The agent maintains a simple working memory (actions + tool observations).
At each step:
1. Ask the model what to do next.
2. If it returns a tool call: run the tool, append the observation.
3. If it returns final: stop.

Soft autonomy features:
- the agent may choose a conformer count (default 15),
- it may prune conformers if you add pruning tools,
- it chooses when to stop.


In [7]:
class MiniChemAgent:
    def __init__(self, llm: LocalLLM, registry: ToolRegistry, max_steps: int = 8):
        self.llm = llm
        self.registry = registry
        self.max_steps = int(max_steps)

    def _build_prompt(self, goal: str, memory: List[Dict[str, Any]]) -> str:
        tool_desc = self.registry.describe()
        mem_txt = json.dumps(memory, indent=2)

        return (
            "You are a tool-using scientific agent for computational chemistry.\n\n"
            "GOAL:\n"
            f"{goal}\n\n"
            "TOOLS (you MUST use tools; do not invent numbers):\n"
            f"{tool_desc}\n\n"
            "MEMORY (observations from tool calls):\n"
            f"{mem_txt}\n\n"
            "INSTRUCTIONS:\n"
            "- Output EXACTLY ONE JSON object.\n"
            "- Either:\n"
            "  1) Tool call:\n"
            "     {\"type\":\"tool\",\"name\":\"<tool_name>\",\"args\":{...}}\n"
            "  2) Final answer:\n"
            "     {\"type\":\"final\",\"answer\":<json-serializable result>}\n"
            "- When you have enough data to answer the goal, return type=\"final\".\n"
            "- Prefer sensible defaults if unspecified: n_confs=15, temperature_K=298.15.\n"
        )

    def run(self, goal: str) -> Any:
        memory: List[Dict[str, Any]] = []
        for step in range(self.max_steps):
            prompt = self._build_prompt(goal, memory)
            raw = self.llm.generate(prompt)

            try:
                data = parse_action(raw)
            except Exception as e:
                return {
                    "status": "failed",
                    "error": f"Could not parse model output: {e}",
                    "raw_output": raw,
                    "memory": memory,
                }

            if data.get("type") == "tool":
                try:
                    action = ToolAction(**data)
                except ValidationError as e:
                    return {"status": "failed", "error": f"Invalid tool action schema: {e}", "raw_output": raw, "memory": memory}

                try:
                    obs = self.registry.call(action.name, action.args)
                except Exception as e:
                    obs = {"tool_error": str(e), "tool": action.name, "args": action.args}

                memory.append({"step": step, "action": data, "observation": obs})
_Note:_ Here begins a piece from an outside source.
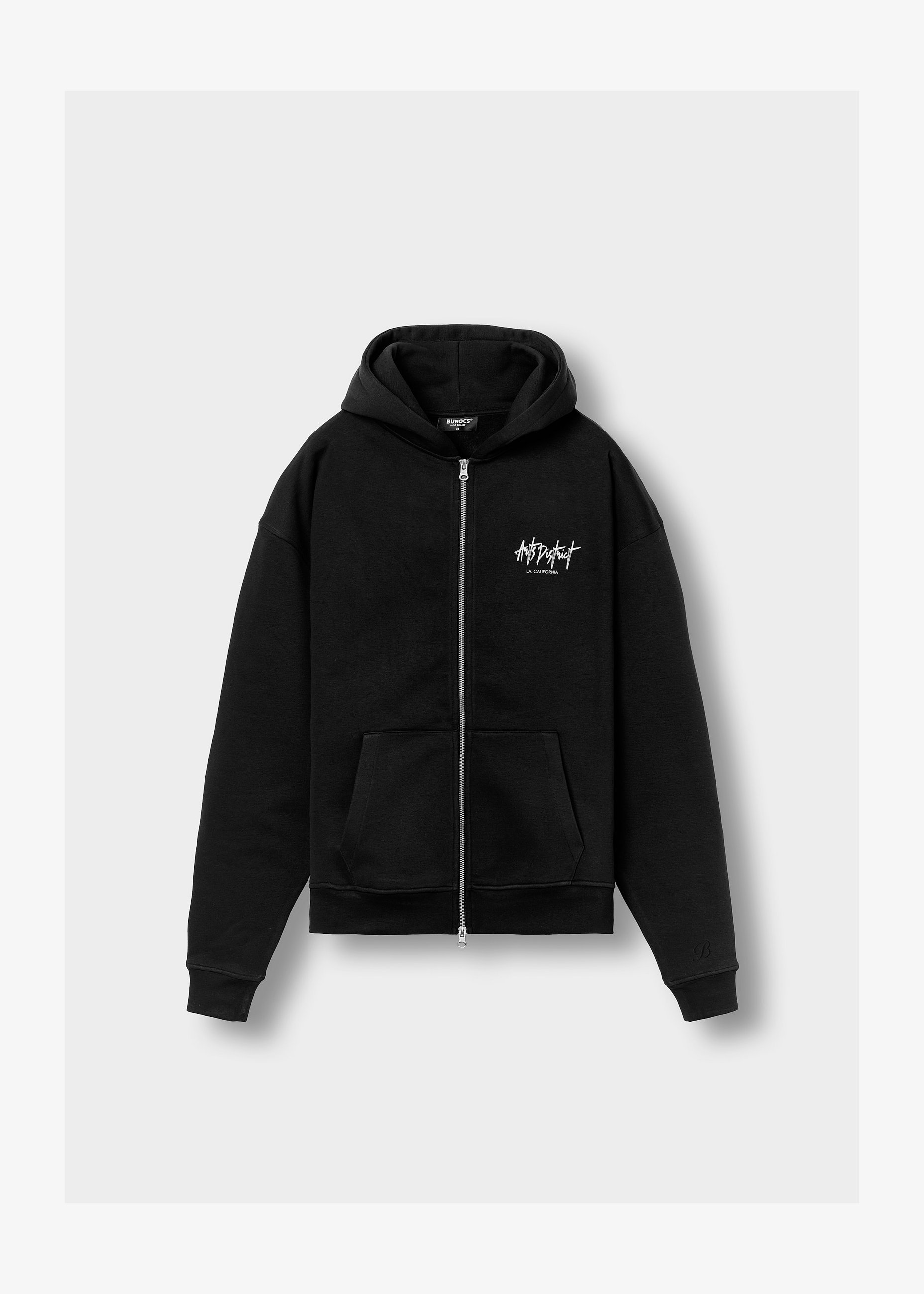 Burocs ART DISTRICT ZIP - Sweat-shirt zippé - noir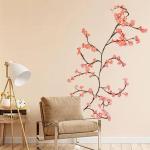 Beleuchteter rosa Baum, rosa Baumlampe,LED-Tisch-Kunstblumen-Bonsai | Blumenlichter mit Fernbedienung, Dimm- und Timerfunktion für Schreibtisch, Fensterbank,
            elif data.get("type") == "final":
                try:
                    action = FinalAction(**data)
                except ValidationError as e:
                    return {"status": "failed", "error": f"Invalid final action schema: {e}", "raw_output": raw, "memory": memory}

                return {"status": "ok", "result": action.answer, "memory": memory}

            else:
                return {"status": "failed", "error": "Unknown action type", "raw_output": raw, "memory": memory}

        return {"status": "failed", "error": "Max steps reached without final answer", "memory": memory}


## 4) Register tools for SMILES → conformers → Morfeus → Boltzmann average → report

The agent only sees tool **names**, **descriptions**, and **argument schemas**.
If you later replace Morfeus with xTB/Multiwfn descriptors, you only change tools.


In [8]:
registry = ToolRegistry()

registry.register(
    name="smiles_to_conformers",
    func=smiles_to_conformers,
    description="Generate RDKit ETKDG conformers and MMFF energies from a SMILES.",
    args_schema={"smiles": "string", "n_confs": "int (default 15)", "seed": "int (default 1)"},
)

registry.register(
    name="morfeus_descriptors",
    func=morfeus_descriptors,
    description="Compute Morfeus SASA (area, volume) and dispersion (P_int, P_max, P_min) from elements + coordinates.",
    args_schema={"elements": "list[str]", "coordinates": "list[list[float]]", "probe_radius": "float (default 1.4)"},
)

registry.register(
    name="boltzmann_weights",
    func=boltzmann_weights,
    description="Compute Boltzmann weights from energies in kcal/mol at a given temperature.",
    args_schema={"energies_kcal_mol": "list[float]", "temperature_K": "float (default 298.15)"},
)

registry.register(
    name="weighted_average_descriptors",
    func=weighted_average_descriptors,
    description="Compute weighted average of descriptor dicts using provided weights.",
    args_schema={"descs": "list[dict[str,float]]", "weights": "list[float]"},
)

registry.register(
    name="make_report",
    func=make_report,
    description="Assemble a final JSON report with per-conformer and weighted descriptors.",
    args_schema={
        "smiles": "string",
        "conformers": "list[conformer dict]",
        "per_conf_desc": "list[dict[str,float]]",
        "boltz_weights": "list[float]",
        "boltz_avg_desc": "dict[str,float]",
        "temperature_K": "float (default 298.15)",
    },
)

print(registry.describe())


- smiles_to_conformers: Generate RDKit ETKDG conformers and MMFF energies from a SMILES.
  args schema: {"smiles": "string", "n_confs": "int (default 15)", "seed": "int (default 1)"}
- morfeus_descriptors: Compute Morfeus SASA (area, volume) and dispersion (P_int, P_max, P_min) from elements + coordinates.
  args schema: {"elements": "list[str]", "coordinates": "list[list[float]]", "probe_radius": "float (default 1.4)"}
- boltzmann_weights: Compute Boltzmann weights from energies in kcal/mol at a given temperature.
  args schema: {"energies_kcal_mol": "list[float]", "temperature_K": "float (default 298.15)"}
- weighted_average_descriptors: Compute weighted average of descriptor dicts using provided weights.
  args schema: {"descs": "list[dict[str,float]]", "weights": "list[float]"}
- make_report: Assemble a final JSON report with per-conformer and weighted descriptors.
  args schema: {"smiles": "string", "conformers": "list[conformer dict]", "per_conf_desc": "list[dict[str,float]]", "b

## 5) Instantiate the local model + run the agent

You can change `model_id` to any local Hugging Face causal LM that fits your hardware.

If you are teaching in a constrained environment, consider downloading the model in advance.


In [9]:
llm = LocalLLM(model_id="Qwen/Qwen2.5-0.5B-Instruct", max_new_tokens=500)
agent = MiniChemAgent(llm=llm, registry=registry, max_steps=10)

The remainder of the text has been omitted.